_What you will do_. Nothing but a verbatim copy of the data, minus the images, should be returned.

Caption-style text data
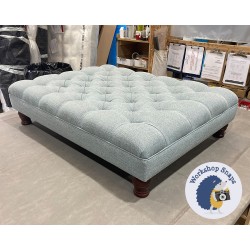 Glenmore Deep Buttoned Footstool with Border 102 x 76cm (40 x 30") Textured Weave Duck Egg - 4" Turned Mahogany Leg 5473 Glenmore Deep Buttoned Footstool with Border 102 x 76cm (40 x 30") Textured Weave Duck Egg - 4" Turned Mahogany Leg 5473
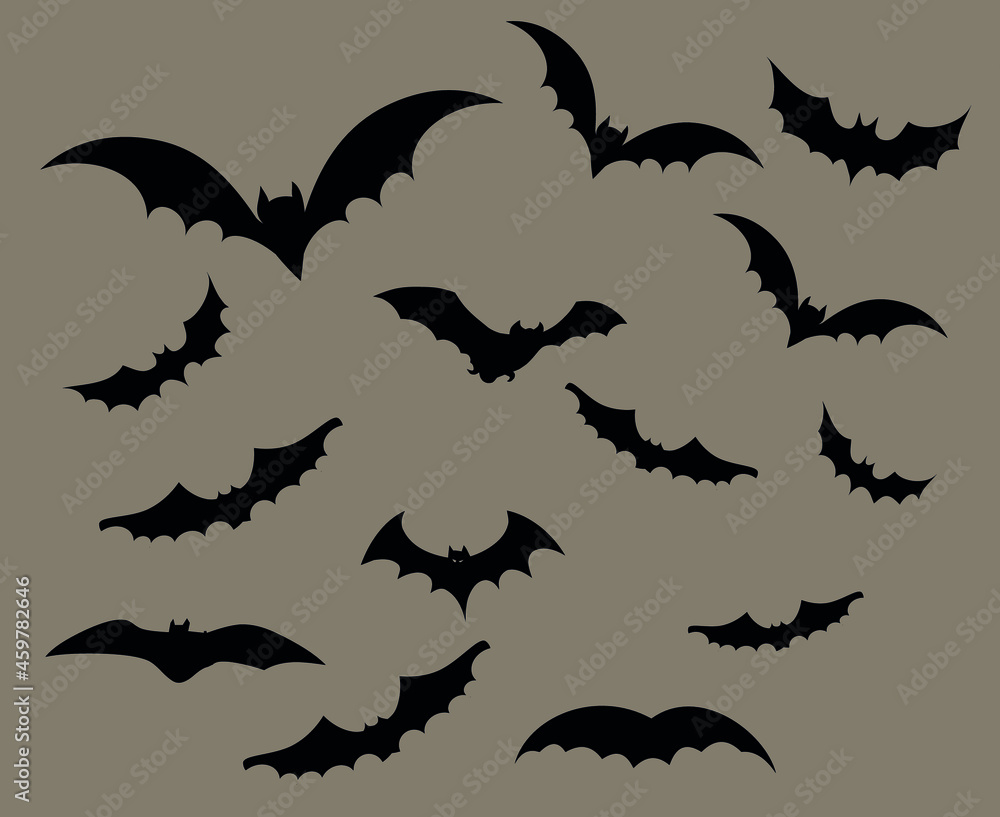Bats Black Objects Vector Signs Symbols Illustration With Brown Background Bats Black Objects Vector Signs Symbols Illustration With Brown Background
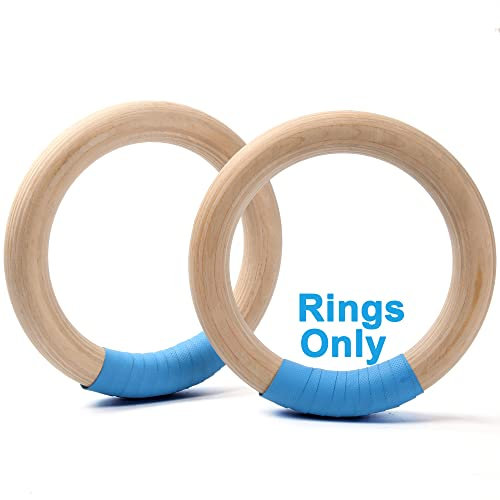 YOELVN Gymnastikringe aus Holz, 700 kg für Heimtraining, Körpertraining, Cross-Training, Muskel-Ups, rutschfest (nur Ringe) (Durchmesser: 32 mm)
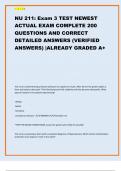 NU 211: Exam 3 TEST NEWEST  ACTUAL EXAM COMPLETE 200  QUESTIONS AND CORRECT  DETAILED ANSWERS (VERIFIED  ANSWERS) |ALREADY GRADED A+ The nurse is administering a blood transfusion to a patient in shock. After 30 min the patient spikes a  fever and reports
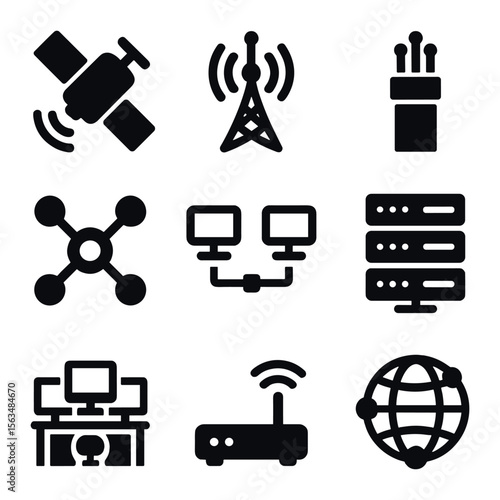 Communication Infrastructure Icons. Solid, filled icons set of communication infrastructure: relay satellite,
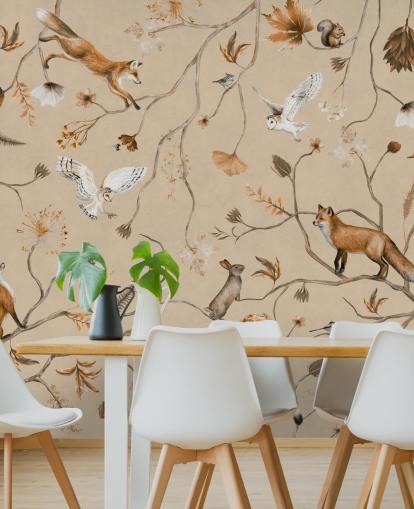 tilpasselig børneskovtapet vægmaleri kaldet Playful Forest - Beige af Kikki Belle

_Answer to this problem_.
 Glenmore Deep Buttoned Footstool with Border 102 x 76cm (40 x 30") Textured Weave Duck Egg - 4" Turned Mahogany Leg 5473 Glenmore Deep Buttoned Footstool with Border 102 x 76cm (40 x 30") Textured Weave Duck Egg - 4" Turned Mahogany Leg 5473
Bats Black Objects Vector Signs Symbols Illustration With Brown Background Bats Black Objects Vector Signs Symbols Illustration With Brown Background
 YOELVN Gymnastikringe aus Holz, 700 kg für Heimtraining, Körpertraining, Cross-Training, Muskel-Ups, rutschfest (nur Ringe) (Durchmesser: 32 mm)
 NU 211: Exam 3 TEST NEWEST  ACTUAL EXAM COMPLETE 200  QUESTIONS AND CORRECT  DETAILED ANSWERS (VERIFIED  ANSWERS) |ALREADY GRADED A+ The nurse is administering a blood transfusion to a patient in shock. After 30 min the patient spikes a  fever and reports
 Communication Infrastructure Icons. Solid, filled icons set of communication infrastructure: relay satellite,
 tilpasselig børneskovtapet vægmaleri kaldet Playful Forest - Beige af Kikki Belle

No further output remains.